YOUR OBJECTIVE »
Pictures in the records below must be left out. Return exactly the lines from the line with "Hi there, my" to the line with "Now let's talk", both included.

DATA FOR THE TASK »
_ _ _

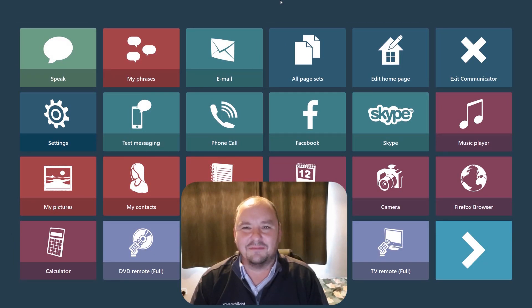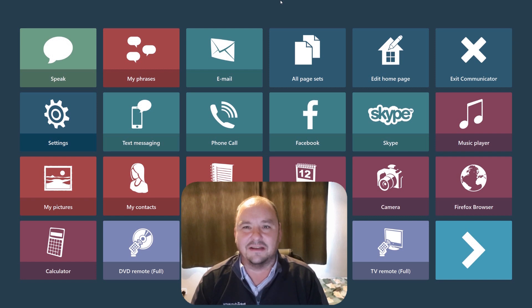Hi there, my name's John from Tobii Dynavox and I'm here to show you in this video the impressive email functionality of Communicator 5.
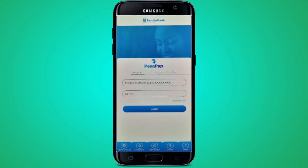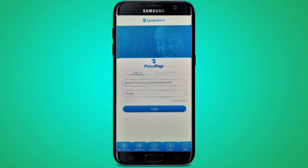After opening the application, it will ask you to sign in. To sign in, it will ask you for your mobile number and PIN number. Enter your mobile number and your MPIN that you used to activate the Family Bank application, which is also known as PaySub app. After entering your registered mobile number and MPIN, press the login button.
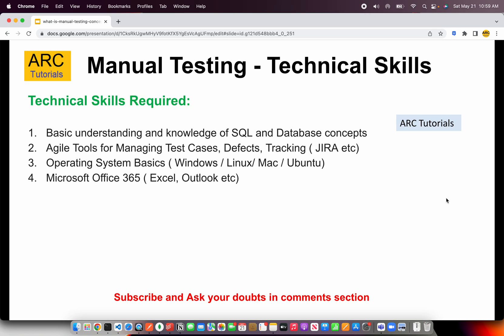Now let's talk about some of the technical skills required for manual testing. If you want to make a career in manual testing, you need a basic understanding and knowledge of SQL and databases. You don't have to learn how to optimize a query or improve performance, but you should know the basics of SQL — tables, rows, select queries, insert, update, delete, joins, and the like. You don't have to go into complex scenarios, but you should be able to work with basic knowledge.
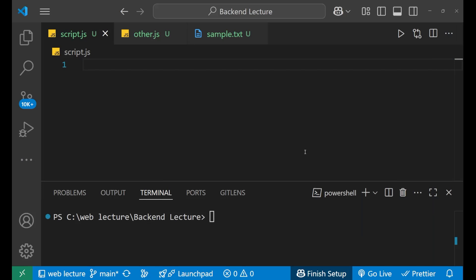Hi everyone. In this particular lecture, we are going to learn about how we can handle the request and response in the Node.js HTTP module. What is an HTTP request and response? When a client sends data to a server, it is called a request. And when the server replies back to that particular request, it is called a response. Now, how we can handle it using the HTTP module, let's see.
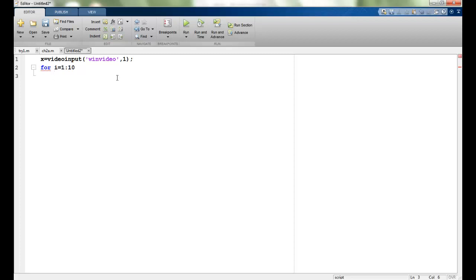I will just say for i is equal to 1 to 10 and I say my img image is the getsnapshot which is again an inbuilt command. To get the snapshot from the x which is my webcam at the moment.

_ _ _

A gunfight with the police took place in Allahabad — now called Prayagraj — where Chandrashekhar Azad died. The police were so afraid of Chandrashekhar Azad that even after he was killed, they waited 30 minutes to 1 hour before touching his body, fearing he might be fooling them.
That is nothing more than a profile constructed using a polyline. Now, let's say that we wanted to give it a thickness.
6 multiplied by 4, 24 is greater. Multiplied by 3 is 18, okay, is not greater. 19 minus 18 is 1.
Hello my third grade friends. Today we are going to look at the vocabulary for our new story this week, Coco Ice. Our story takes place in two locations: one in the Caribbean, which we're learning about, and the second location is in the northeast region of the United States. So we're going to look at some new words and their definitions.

_ _ _

TASK SOLUTION »
Hi there, my name's John from Tobii Dynavox and I'm here to show you in this video the impressive email functionality of Communicator 5.
After opening the application, it will ask you to sign in. To sign in, it will ask you for your mobile number and PIN number. Enter your mobile number and your MPIN that you used to activate the Family Bank application, which is also known as PaySub app. After entering your registered mobile number and MPIN, press the login button.
Now let's talk about some of the technical skills required for manual testing. If you want to make a career in manual testing, you need a basic understanding and knowledge of SQL and databases. You don't have to learn how to optimize a query or improve performance, but you should know the basics of SQL — tables, rows, select queries, insert, update, delete, joins, and the like. You don't have to go into complex scenarios, but you should be able to work with basic knowledge.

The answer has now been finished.